La formation est un vecteur de mobilisation pour les demandeurs d’emploi. À ce titre, elle peut jouer son rôle dans la résorption du chômage. Mais la source de celui-ci peut aussi être une pénurie d’offres d’emploi. Dans ce cas, le chômage ne s’explique pas prioritairement par une inadéquation globale de la demande par rapport à l’offre, même si individuellement la formation d’un chômeur peut favoriser sa réinsertion. Enfin, il ne faut pas perdre de vue que la formation professionnelle peut aussi avoir des finalités plus larges que la seule réponse aux demandes du marché du travail: être un outil d’émancipation citoyenne ou un instrument d’égalisation des chances entre groupes sociaux.
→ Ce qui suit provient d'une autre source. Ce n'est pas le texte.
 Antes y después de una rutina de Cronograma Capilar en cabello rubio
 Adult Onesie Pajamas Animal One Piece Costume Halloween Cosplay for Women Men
Une manière d’y voir plus clair est d’examiner dans quelle mesure l’entrée dans le dispositif de formation garantit l’accès en emploi. C’est à cette question que se sont attaqués, pour le numéro 96 de Brussels Studies, Matthieu Veinstein, sociologue à l’Université libre de Bruxelles et Isabelle Sirdey, économètre au Service Études et Statistiques de Bruxelles Formation. Par un suivi des demandeurs d’emploi inoccupés et peu scolarisés passés par une formation coordonnée par Bruxelles Formation, les deux chercheurs ont pu mesurer l’équité d’accès à la formation qualifiante et, pour les sortants de ces formations, l’équité d’accès à un emploi stable.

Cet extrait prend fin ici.